Platform Data Underwriting  

Embedded finance leverages platform data for cash flow-based underwriting. Creditworthiness is then based on data available with various digital platforms. For example accounts receivable from a Khata app, data on past orders from a B2B E-Commerce app are used to augment creditworthiness decisions

Tailoring user experience in close collaboration with digital platforms 

Embedded finance tailors loan application experiences in collaboration with digital platforms. Through this enhanced understanding of the customer, the customer experience is engineered to become flexible, simplified, and guided.  credit is then offered in-context to reduce the effort of digital discovery and application for the MSME borrower.

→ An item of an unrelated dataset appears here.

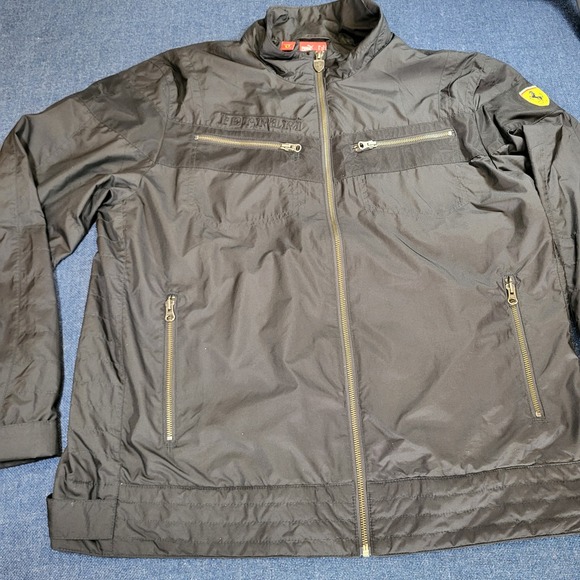 Puma Scuderia Ferrari Mens XL Black Full Zip Racing Nylon Jacket Mesh Line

Leveraging the relationship built between digital platforms and end-customer

Embedded Finance companies leverage the trust built by the digital platform to offer loans, facilitate applications, and repayment. They can educate MSMEs via the anchor platform. 

Digital Platforms also have rich demographic data about MSMEs that isn’t centrally available. This data can be leveraged to understand the heterogeneity of the MSME sector and tailor financial products and processes to each segment.

Conclusion

Financial Inclusion of MSMEs is a complex problem, and requires financial institutions, digital platforms, and fintechs to forge deep partnerships. It requires building a technology-driven credit product innovation and distribution strategy. Lenders must digitise their processes and leverage alternate data underwriting to lower their acquisition costs and use data deeply to recover them by driving repeat transactions. They must leverage partnerships with Embedded Finance infrastructure providers to quickly go to market with MSME credit products and iterate rapidly to tailor and innovate for the heterogeneous MSME sector.